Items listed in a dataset
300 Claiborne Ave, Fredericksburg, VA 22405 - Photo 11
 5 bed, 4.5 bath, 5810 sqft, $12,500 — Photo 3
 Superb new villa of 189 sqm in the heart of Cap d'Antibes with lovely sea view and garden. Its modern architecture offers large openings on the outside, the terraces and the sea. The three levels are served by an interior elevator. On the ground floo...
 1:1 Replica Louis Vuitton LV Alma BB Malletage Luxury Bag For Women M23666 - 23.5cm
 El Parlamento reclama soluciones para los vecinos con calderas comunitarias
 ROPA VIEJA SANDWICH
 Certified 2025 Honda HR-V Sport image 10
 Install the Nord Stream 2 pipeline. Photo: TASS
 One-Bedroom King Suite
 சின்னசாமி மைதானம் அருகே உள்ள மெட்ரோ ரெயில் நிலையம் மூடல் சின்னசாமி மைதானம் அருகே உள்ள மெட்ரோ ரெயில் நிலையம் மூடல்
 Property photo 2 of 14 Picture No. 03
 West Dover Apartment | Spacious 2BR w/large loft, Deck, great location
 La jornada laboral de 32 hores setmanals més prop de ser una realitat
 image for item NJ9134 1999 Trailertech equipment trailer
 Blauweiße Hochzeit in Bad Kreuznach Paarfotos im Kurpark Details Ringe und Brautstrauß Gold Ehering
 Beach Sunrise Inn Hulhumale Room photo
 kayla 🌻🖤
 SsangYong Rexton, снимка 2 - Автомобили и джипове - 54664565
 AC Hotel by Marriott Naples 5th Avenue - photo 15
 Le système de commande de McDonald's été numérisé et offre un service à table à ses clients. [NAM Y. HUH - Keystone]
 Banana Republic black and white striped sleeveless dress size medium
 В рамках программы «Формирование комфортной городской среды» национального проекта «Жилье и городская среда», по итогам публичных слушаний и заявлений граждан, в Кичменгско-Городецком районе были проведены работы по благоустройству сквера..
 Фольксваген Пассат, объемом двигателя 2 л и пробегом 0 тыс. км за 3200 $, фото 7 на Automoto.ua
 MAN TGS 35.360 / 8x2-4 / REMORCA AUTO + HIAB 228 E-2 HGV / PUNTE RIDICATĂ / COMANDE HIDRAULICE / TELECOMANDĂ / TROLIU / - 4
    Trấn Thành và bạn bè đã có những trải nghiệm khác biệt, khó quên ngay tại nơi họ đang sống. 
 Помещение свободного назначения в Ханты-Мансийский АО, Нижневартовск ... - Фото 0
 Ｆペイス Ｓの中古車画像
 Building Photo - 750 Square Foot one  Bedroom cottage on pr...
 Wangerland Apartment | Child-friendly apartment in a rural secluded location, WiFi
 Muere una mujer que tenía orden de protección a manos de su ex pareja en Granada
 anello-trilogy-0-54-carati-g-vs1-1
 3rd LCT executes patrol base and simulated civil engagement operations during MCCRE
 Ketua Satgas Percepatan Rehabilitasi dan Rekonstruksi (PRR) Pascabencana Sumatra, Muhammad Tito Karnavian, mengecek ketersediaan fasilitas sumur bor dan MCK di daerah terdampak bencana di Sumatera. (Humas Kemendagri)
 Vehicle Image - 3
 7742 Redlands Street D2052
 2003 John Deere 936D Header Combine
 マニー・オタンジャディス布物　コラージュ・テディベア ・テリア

[Work instruction] In the data above, find the line that contains "நிலையம் மூடல் சின்னசாமி" and the line that contains "Beach Sunrise Inn Hulhumale Room photo". Repeat exactly those lines and every line between them, and only those.

[Task response]
 சின்னசாமி மைதானம் அருகே உள்ள மெட்ரோ ரெயில் நிலையம் மூடல் சின்னசாமி மைதானம் அருகே உள்ள மெட்ரோ ரெயில் நிலையம் மூடல்
 Property photo 2 of 14 Picture No. 03
 West Dover Apartment | Spacious 2BR w/large loft, Deck, great location
 La jornada laboral de 32 hores setmanals més prop de ser una realitat
 image for item NJ9134 1999 Trailertech equipment trailer
 Blauweiße Hochzeit in Bad Kreuznach Paarfotos im Kurpark Details Ringe und Brautstrauß Gold Ehering
 Beach Sunrise Inn Hulhumale Room photo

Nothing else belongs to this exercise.